Just recently, the world was shocked or perhaps intrigued by the announcement of former US Vice-President Al Gore that he and his wife Tipper are calling it quits after more than 40 years of “fairy-tale-like” marriage. No one could just easily believe that such a wonderful marriage, which, at one time even inspired a romantic novel could one day, come to such a sad end. This is absolutely in contrast to the many stories of old couples being seen walking hand-in-hand along malls and churches, appearing like models of marital success.
Maybe most of married couples, if not all, desire a lasting and happy marriage. There could be a very little room for doubt about that. Something, that can fit into the fairytale stories of “living happily ever after”, or to phrases like “forever is not enough” and “perfect match made in heaven”. In reality however, they are simply superfluous if not overly romantic. In fact, it is entirely different. Individual psyche plays a great role in any kind of relationship, more particularly in marriage. One author even opined that marrying a person, is just short of sharing your bed, your house, your food and eventually, even your body to a total stranger. While such statement could be ridiculous at one point, in some sense, it behooves everyone to give it some consideration before jumping into marriage. Entering into the marital state is literally “tying the knot”, and in the Christian point of view, it is a knot that can never be undone nor loosened up when the bond becomes uncomfortable or even painful in the future.

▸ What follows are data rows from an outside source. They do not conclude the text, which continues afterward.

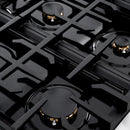 ZLINE 36-Inch Classic Series Dual Fuel Range with 6 Gas Burner Cooktop and 5.2 Cu. Ft. Electric Convection Oven in Stainless Steel with Brass Burners (CDR-BR-36)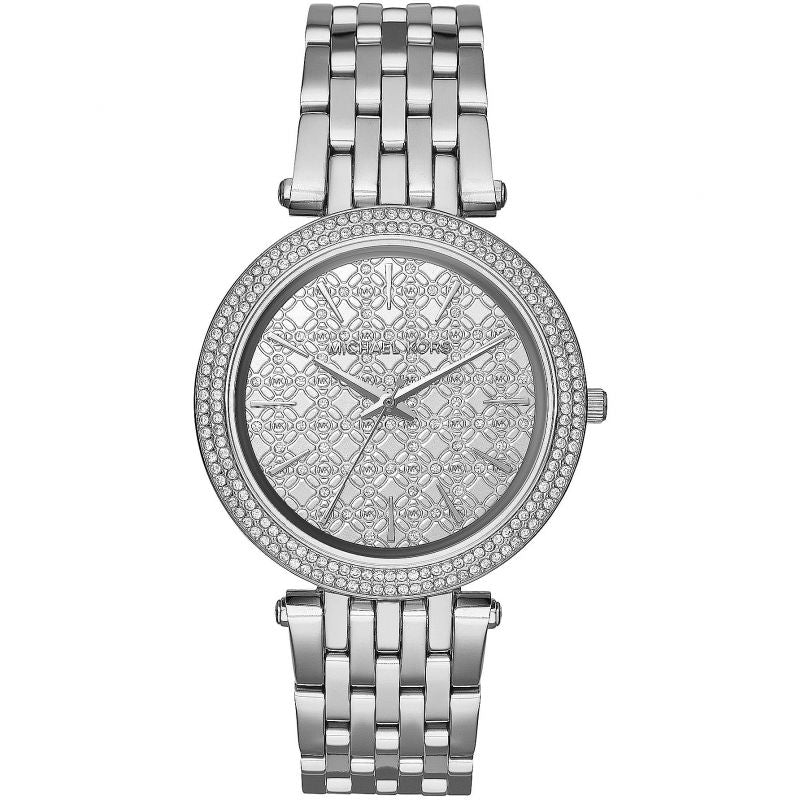 Michael Kors Ladies  Darci Silver Motif Watch MK3404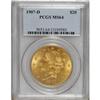 Image 3 : 1907-D $20 MS64 PCGS.
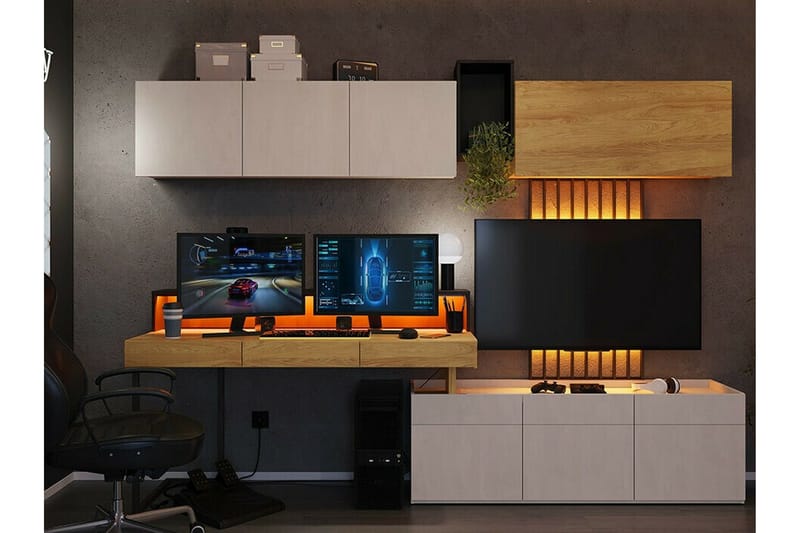 Rathmore Vägghylla 27x25 cm Dark grey - Opbevaring - Hylder & Reoler - Væghylde & vægreol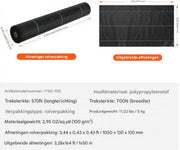 Worteldoek gronddoek - 1 x 50 meter - Onkruiddoek - Tuin - Onkruiddoek - Waterdoorlatend Onkruidvlies - Scheurvast en Corrosiebestendig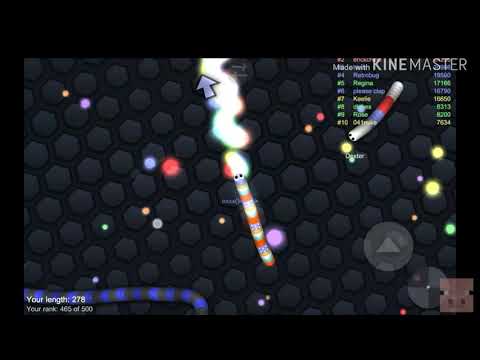 Big snake VS 100000 little snakes - Slitherio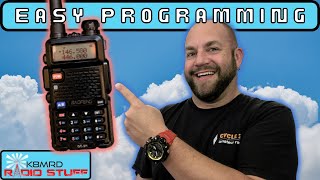 How To Program A Baofeng UV5R Ham Radio [upl. by Roi547]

There are basic foundations that are highly necessary to strengthen the bond of marriage from the beginning, and all throughout the couple’s earthly life. First among them is Honesty. Any relationship that is built on total transparency from the very start, stands firmer than any other based on concealed facts about one’s personality, significant experiences, and even personal goals. Giving oneself in marriage is after all, a total gift of oneself encompassing one’s past and predicaments either positive or negative to the future partner. And this is supposed to go on, till the end. There should be no mysteries. The couple’s total transparency to each other is a sincere gesture of total commitment, and a means with which the partners will be able to accept each other wholeheartedly for what and who each maybe is. While of course, day to day life in marriage necessitates innovation and some element of surprise in the way each may desire to give joy to the other, secrecy in matters highly essential in marriage like feelings, pains, dissatisfaction or joy should never be given way.